As you can see, there is a lot of additional whitespace which is invisible on the page - however, currently it fools the system, because in the source code it is different, as we have seen in XPather.

In the future versions, problems like this will be solved by adding the possibility of specifying an example with XPaths, trough containment and other rules (see the conclusion at the end).


    1. If you are grouping together more examples (for example an item name and a price into a web shop item) you have to be sure all the examples are the first occurrences on the page. One example is worth thousand words.

Let's say you would like to extract the title of the article and the number of diggs, so the pattern structure will look something like:

article do
   title
   diggs
end 

So, you can specify these example pairs:

    1. Data Extraction for Web 2.0: Screen Scraping in Ruby/Rails, Episode 1 as an examle of 'title' and 22 diggs as an example of 'diggs' - because '22 diggs' is the first occurrence of that string on the page
    2. Data Extraction for Web 2.0: Screen Scraping in Ruby/Rails as an examle of 'title' and 35 diggs as an example of 'diggs' - because '35 diggs' is the only occurrence of that string on the page

but not

    1. Get more data comparison options in MySQL with operators you may not know as an examle of 'title' and 22 diggs as an example of 'diggs' - because '22 diggs' is NOT the first occurrence of that string on the page

So, be sure to choose the first occurrence of the string on the page as an example!
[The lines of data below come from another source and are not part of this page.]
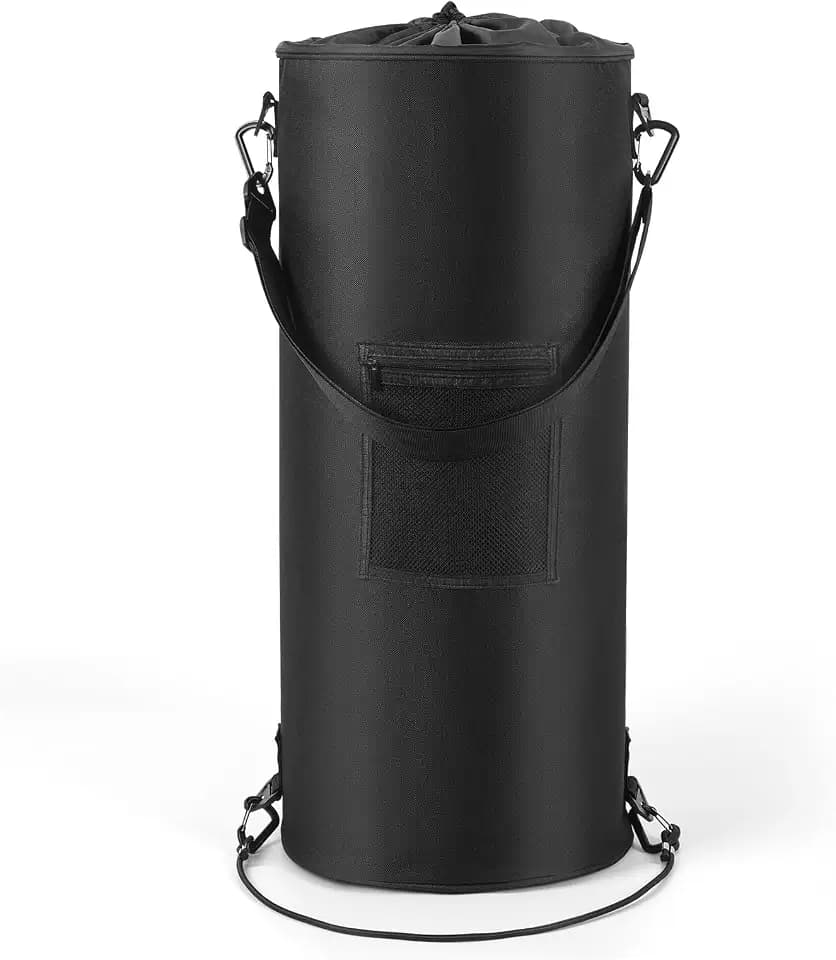 Waterproof Boat Trash Can with 6 Clips, 13 Gal Boat Trash Bag Holder with Pocket, Reusable Fast Cleaning Pontoon Boat Accessories, Marine Boat Garbage Can for Fishing, Sandbar, or Camping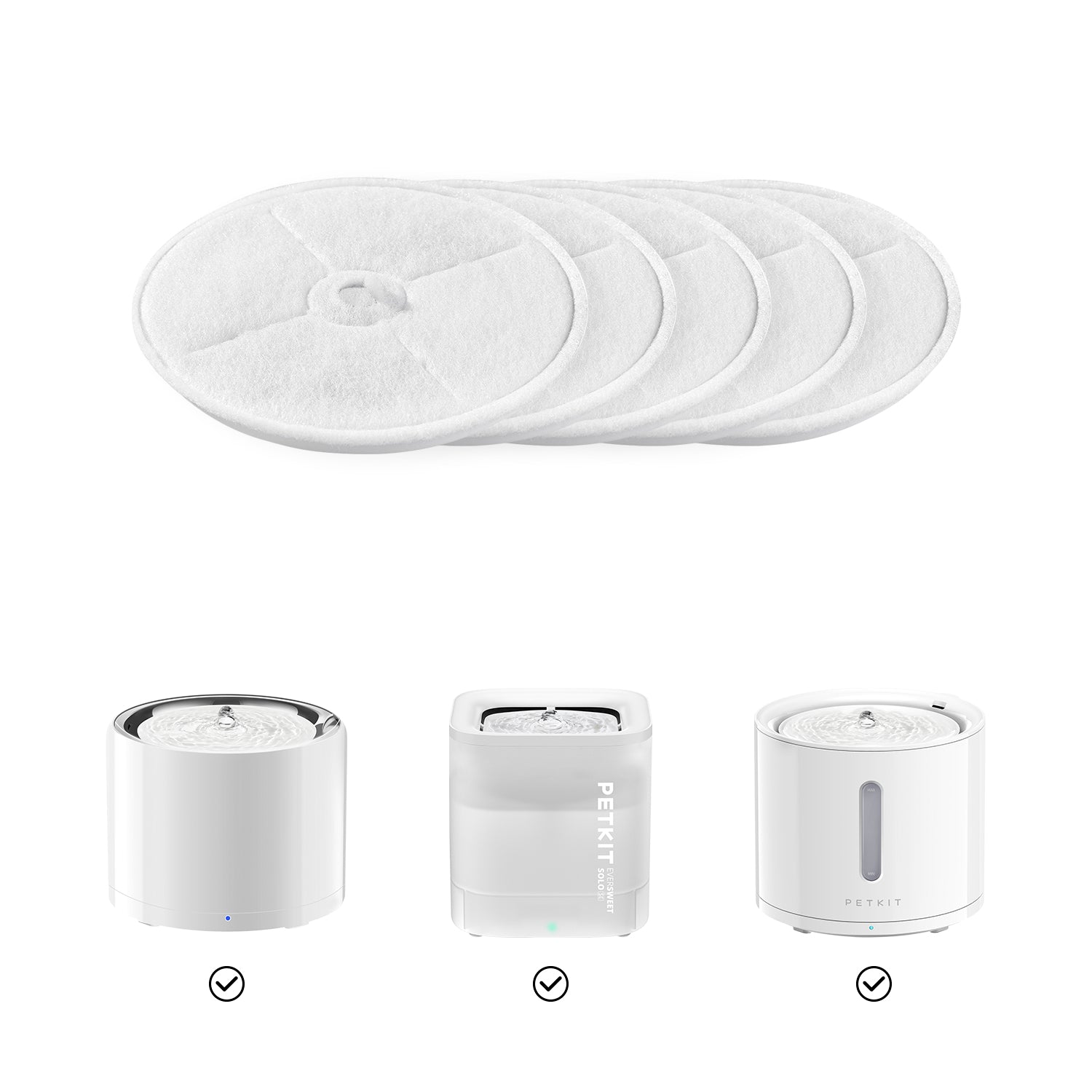 Five Filter Unit 3.0 filters shown as a set, compatible with EverSweet 3 Pro, EverSweet Solo SE, and EverSweet Solo 2 Pet Water Fountain
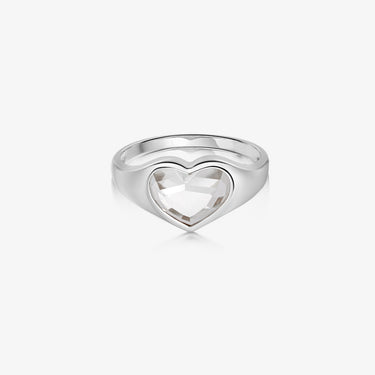 Clear Quartz Heart Signet Ring (Silver)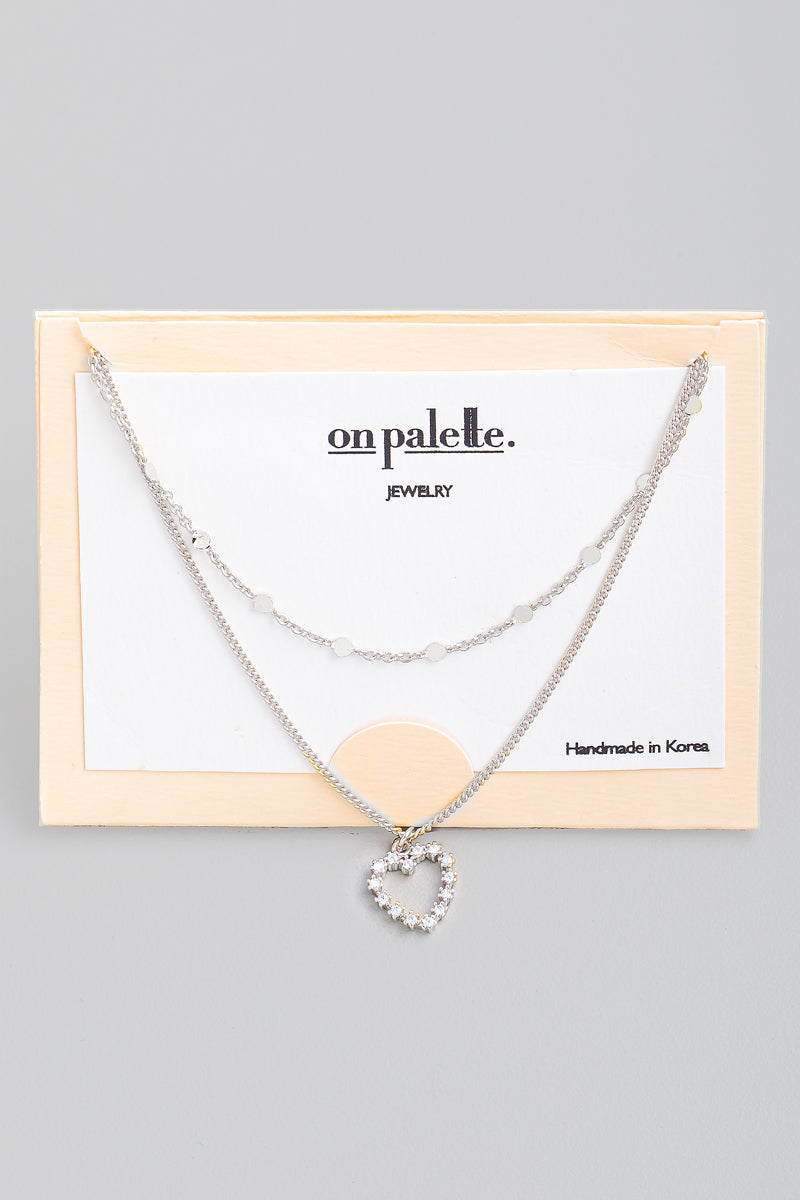 DOUBLE LAYERED HEART NECKLACE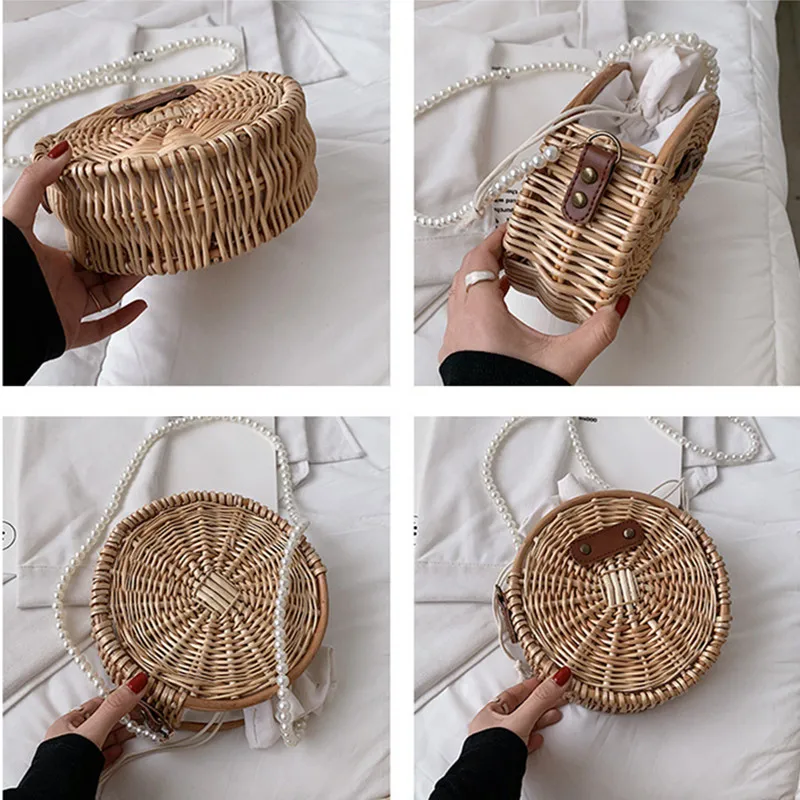 2022 New Women Summer Straw Brand Luxury Beach Designer Handbag Bamboo Rattan Bag Small Crossbody Shoulder Bags with Bolsas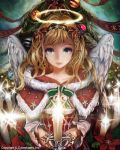  1girl angel angel_wings blonde_hair blue_eyes candle capelet christmas christmas_tree copyright_request eyelashes feathered_wings hairband halo horim lips long_hair looking_at_viewer solo wings 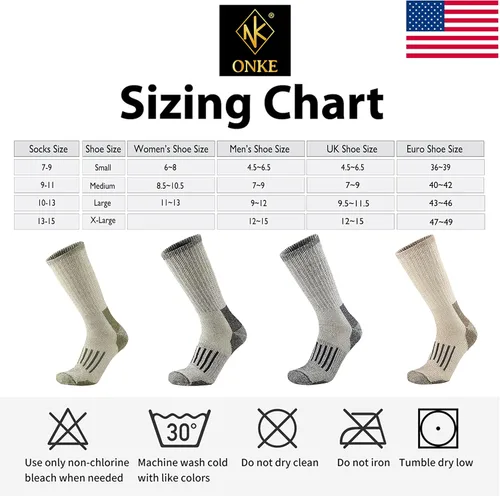 Vista 6 de ONKE Calcetines acolchados de lana merino para hombre, para senderismo, todas las estaciones, botas de trabajo, pesadas, gruesas, térmicas, absorben
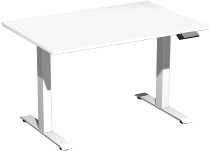 Geramöbel Elevate PLUS el Elektro-Hubtisch Höhe 63-128 cm 08K1808 (BxT) 180 x 80 cm Lichtgrau/Silber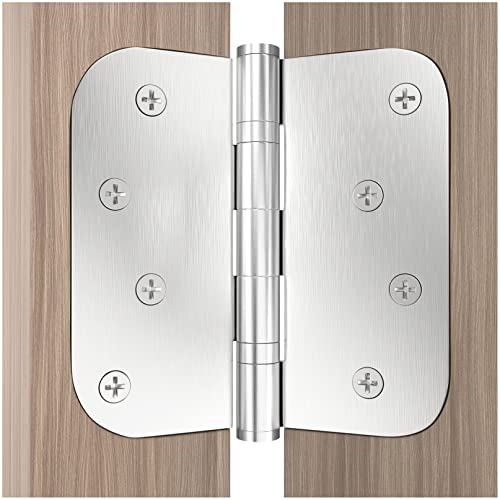 Hinges, 3 Pack Door Hinges 4 Inch Stainless Steel Hinges With Rounded 5/8-Inch Radius Interior/Exterior Door Hinges Heavy Duty Hinges (4In 5/8-Inch Radius Corners) #TOP5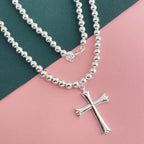 925 Sterling Silver Necklace Width 4mm/6MM Buddha Bead Chain Cross Pendant Chain for Women & Men Jewelry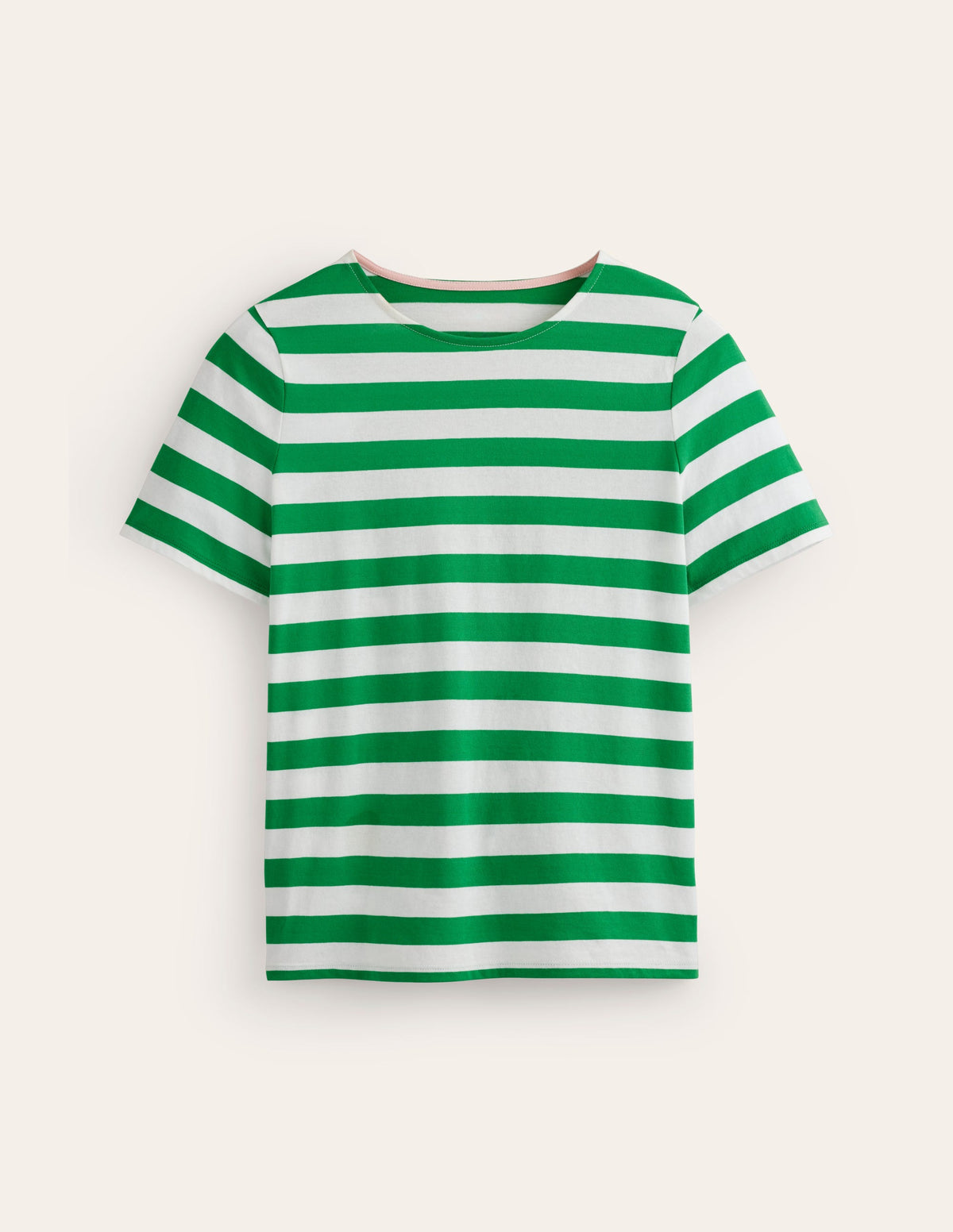 Bea Short Sleeve Breton-Ivory, Green Stripe - Image 5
Tip: always make to sure that all the examples exist in the very moment when you are launching the learning extractor!

I could mention the digg example again: I was constructing an extractor on digg, and I could not get it work for all the tea in China. After some minutes of banging my head against the wall I have noted that the problem was rather mundane (i.e. not hidden in the deep pitch of metaprogramming logic or a similar cool place): I have specified the number of diggs, launched the extractor, but meanwhile somebody dugg the article, so the count of diggs example was no more valid. It was very similar with ebay - the price examples were 'corrupted' there very fast because of bidding.

You can workaround these cases in the following way:

    1. taking a snapshot of the page (by saving it from your browser, or if the page is really Ajaxy and all that jazz, you could try a Firefox pluginlike this one
    2. picking an example from a page that is not likely to change (e.g. digg - go to the 10th page and choose an example here, or ebay - choose an item which has a lot of time to go)
    3. Mixed content: I have received a problematic case from a sCRUBYt! user. The problem was that the example content was mixed with an image:

TODO:: Snapshots to come…

Possible soulution: additional possibility of specifying the example in a more sophisticated way, like for example:

:begins_with => 'Landed', :ends_with => 'Succesfully'


Conclusion: In the future, I would like to beef up example selection with multiple rules instead of a single string. I can imagine something like:

airport_record [:begins_with => 'Landed', :ends_with => 'Succesfully, :matches_regexp => /\w+\d/]


Tip: observe, observe, observe everything with XPather, and if you are still sure there is a problem, file a bug report or add an enhancement request at scRUBYt!’s rubyforge tracker.